=== Try it ===
Reproduce the lines below exactly, from the one containing "ジーユー(GU)のGU おぱんちゅうさぎ Tシャツ" through the one containing "Many commenters thanked", both included. Leave out any pictures.

=== Data extract ===
* * * * * * * * *

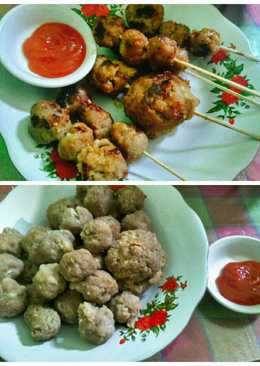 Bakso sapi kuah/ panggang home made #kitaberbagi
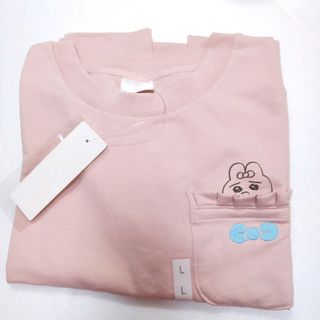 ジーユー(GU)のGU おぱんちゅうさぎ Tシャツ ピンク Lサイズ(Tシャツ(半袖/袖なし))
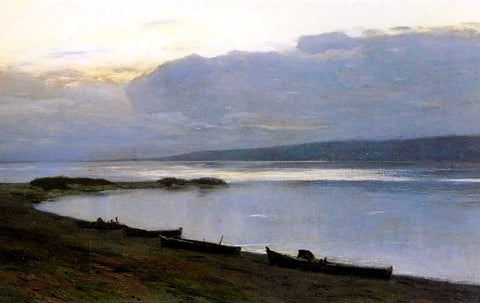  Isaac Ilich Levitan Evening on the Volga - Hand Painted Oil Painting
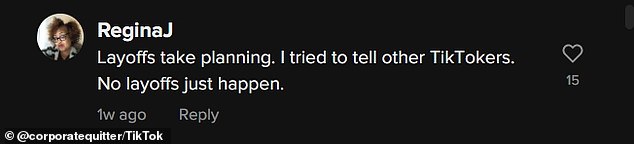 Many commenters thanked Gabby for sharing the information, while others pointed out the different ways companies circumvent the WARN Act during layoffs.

* * * * * * * * *

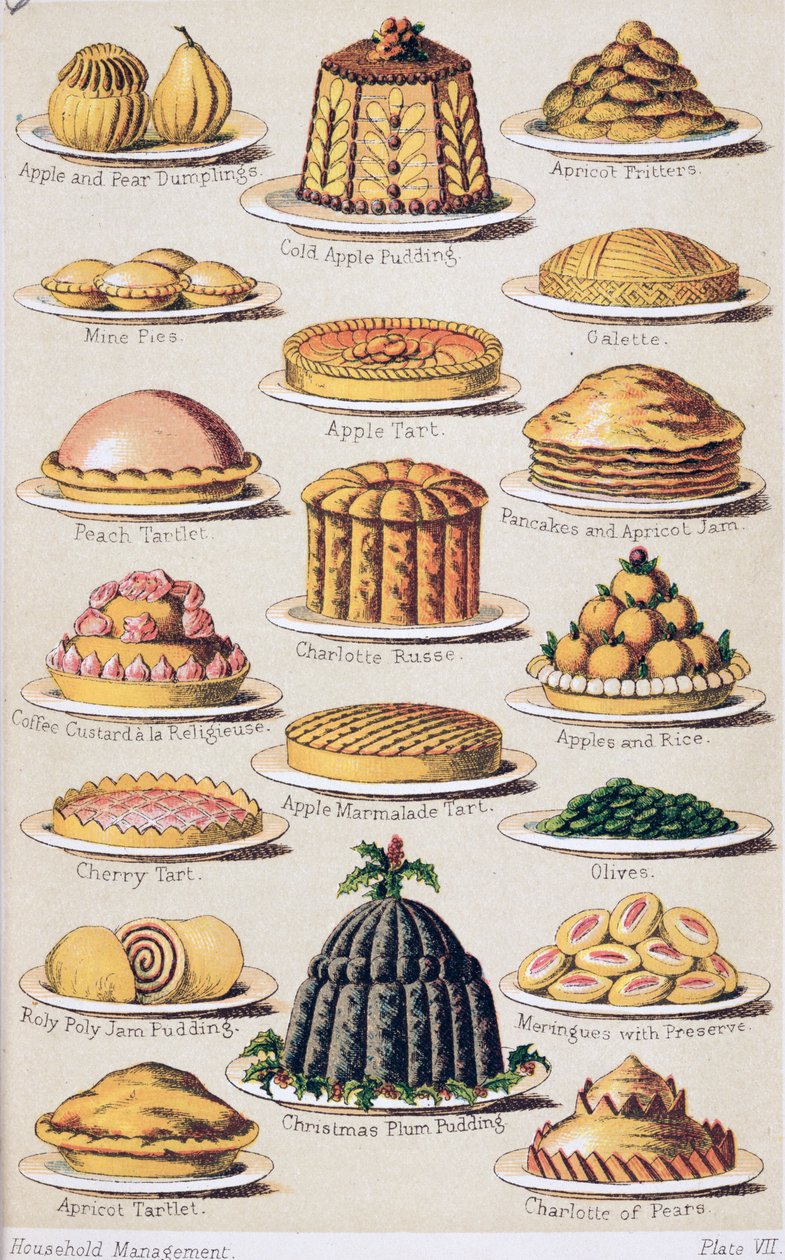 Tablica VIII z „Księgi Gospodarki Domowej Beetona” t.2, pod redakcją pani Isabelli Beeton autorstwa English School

* * * * * * * * *

=== Solution below ===
 ジーユー(GU)のGU おぱんちゅうさぎ Tシャツ ピンク Lサイズ(Tシャツ(半袖/袖なし))
  Isaac Ilich Levitan Evening on the Volga - Hand Painted Oil Painting
 Many commenters thanked Gabby for sharing the information, while others pointed out the different ways companies circumvent the WARN Act during layoffs.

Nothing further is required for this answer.